Requirement:
Once the line containing "Couchsurfing im Kriegsgebiet" appears, output it and each remaining line of the records below exactly, with no pictures and nothing more.
======== Excerpted data ========
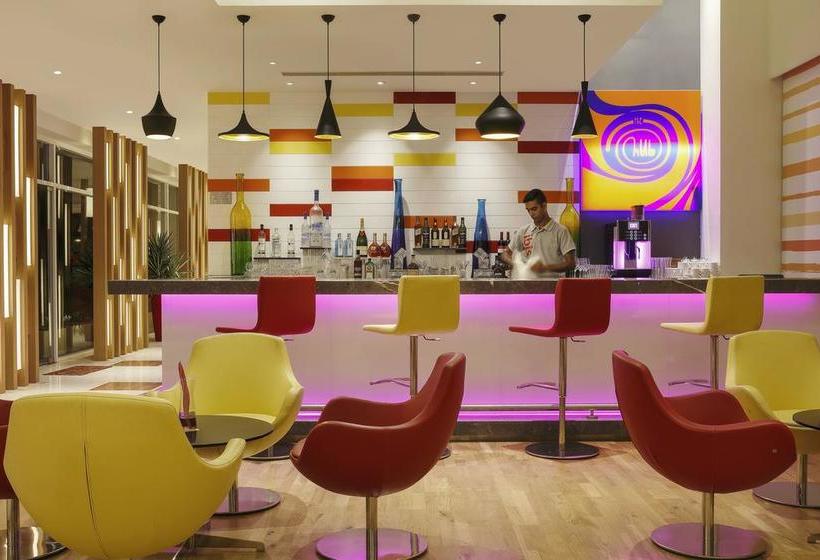 Hotel Ibis Hyderabad Hitech City 2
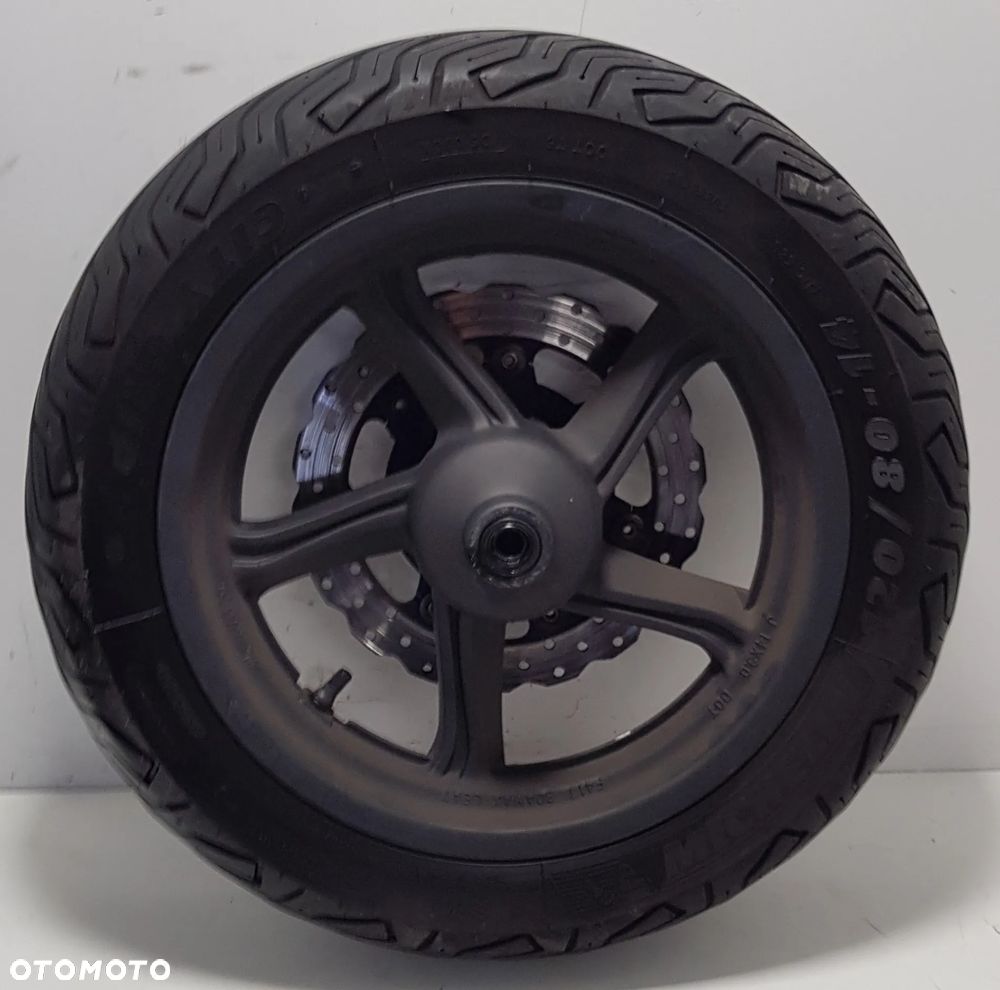 Kymco Dink street 125 Koło Opona Felga Przód - 2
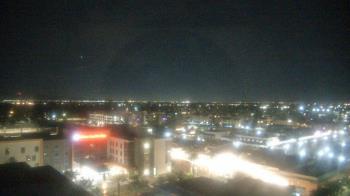 Weather camera view of Chandler Courthouse Plaza.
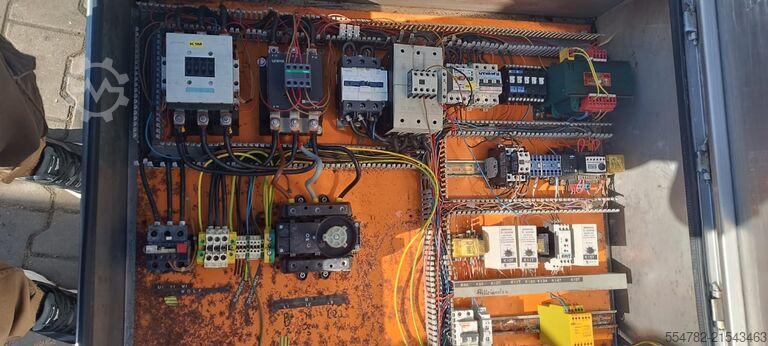 Fleischverarbeitungsmaschine WOLFKING SFG 1500/250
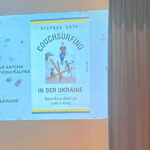 Couchsurfing im Kriegsgebiet – Stephan Orth liest am Nelly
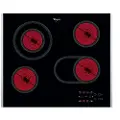 Whirlpool AKT 8210 LX varmeplate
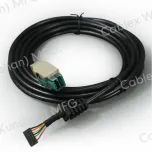 Industrial control cables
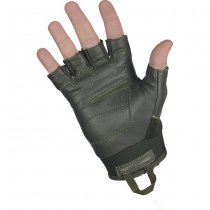 M-Tac Tactical Assault Gloves Fingerless Mk.4 - Olive - XL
========
Result for this task:
 Couchsurfing im Kriegsgebiet – Stephan Orth liest am Nelly
 Whirlpool AKT 8210 LX varmeplate
 Industrial control cables
 M-Tac Tactical Assault Gloves Fingerless Mk.4 - Olive - XL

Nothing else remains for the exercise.